Venezia, Teatro La Fenice-Sale apollinee, Ex novo musica 2016
“Erik Satie visto da John Cage”
Pianoforti Aldo Orvieto, Francesco Prode
Eric Satie /John Cage: “Socrate”, trascrizione di John Cage per due pianoforti
Franz Liszt /Camille Saint-Saëns: Sonata in si minore S178, trascrizione di Camille Saint-Saëns per due pianoforti.
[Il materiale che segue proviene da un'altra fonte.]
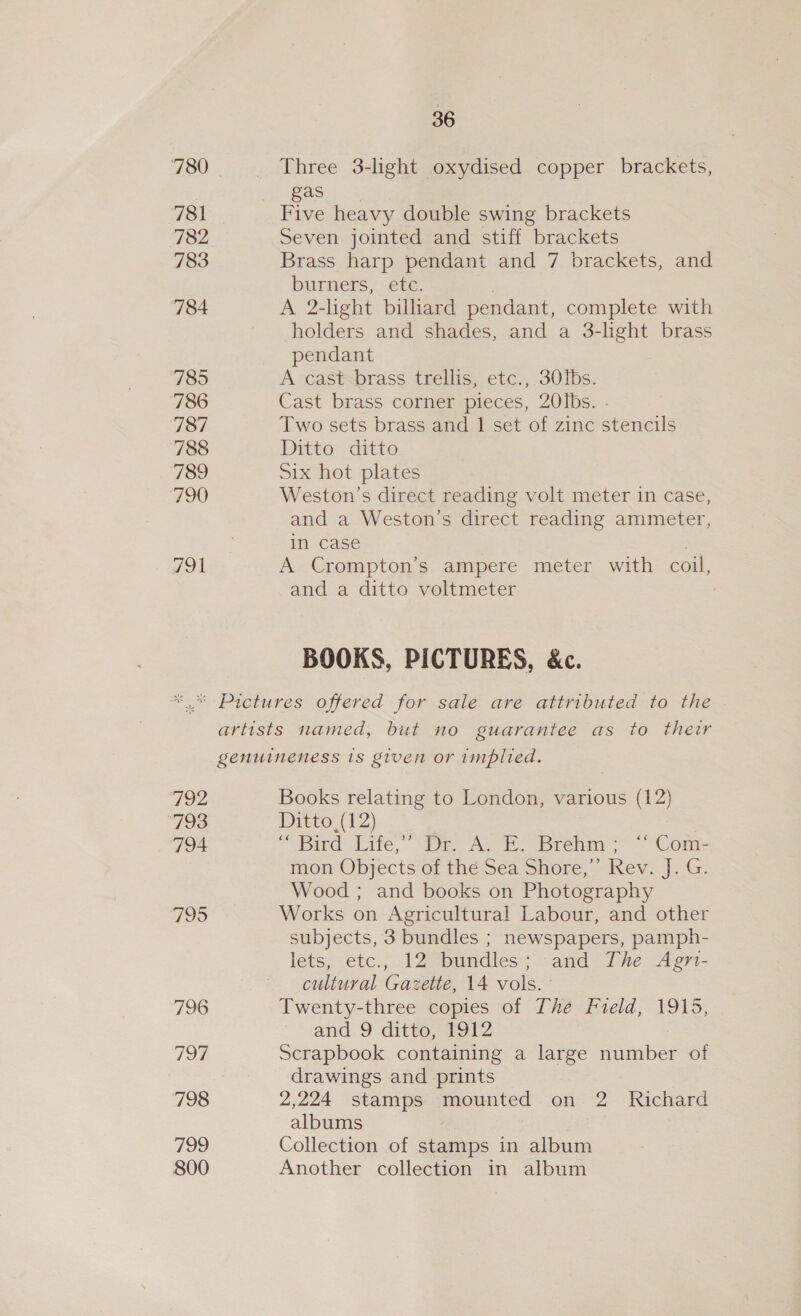 780 781 782 783 784 785 ‘786 131 788 789 790 791 36 Three 3-light oxydised copper brackets, gas Five heavy double swing brackets Seven jointed and stiff brackets Brass harp pendant and 7 brackets, and bUrners, ete: A 2- light bilhard pendant, complete with holders and shades, and a 3-lhght brass pendant A cast-brass trellis, etc., 30Ibs. Cast brass corner pieces, 20Ibs. - Two sets brass and 1 set of zinc stencils Ditto ditto Six hot plates Weston’s direct reading volt meter in case, and a Weston’s direct reading ammeter, in case A Crompton’s ampere meter with coil, and a ditto voltmeter BOOKS, PICTURES, &amp;c. 792 793 794 795 796 194 798 799 800 Books relating to London, various (12) Ditto (12) “Bird Lite, Ack Brehm &lt;&lt; Com: mon Objects of the Sea Shore,”’ Rev. J. G. Wood ; and books on Photography Works on Agricultural Labour, and other subjects, 3 bundles ; newspapers, pamph- lets, etc., 12 bundles; and The Agmr- cultural Gazette, 14 vols. ° Twenty-three copies of The Field, 1915, and 9 ditto, 1912 Scrapbook containing a large number of drawings and prints 2,224 stamps iaounted on 2 Richard albums Collection of stamps in album Another collection in album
In collaborazione con Palazzetto Bru Zane – Centre de musique romantique française
Venezia, 9 ottobre 2016
Si è svolto il secondo dei due concerti della rassegna Ex novo musica 2016, frutto della collaborazione tra il Palazzetto Bru Zane-Centre de Musique Romantique Française e l’Ex Novo Ensemble nel contesto del Festival “Camille Saint-Saëns tra romanticismo e modernità”. Voce narrante della serata, Guido Barbieri, conosciuto dal grande pubblico, in qualità di conduttore di Radio 3, che si è confermato un sottile affabulatore, intrattenendo la platea con una dotta dissertazione sulla memoria, considerata come base della conoscenza, della vita affettiva e dell’arte stessa. In particolare, la memoria, nelle sue diverse declinazioni (“ecoica o iconica, sinaptica o sensoriale,dichiarativa o procedurale, natale o prenatale”), è fondamentale nella pratica della trascrizione, che è solo in apparenza un’attività minore e ancillare, richiedendo in realtà una buona dose di ingegno creativo, reso possibile da un complesso, delicato, esercizio di memoria o di memorie (non ultima la memoria culturale del musicista trascrittore).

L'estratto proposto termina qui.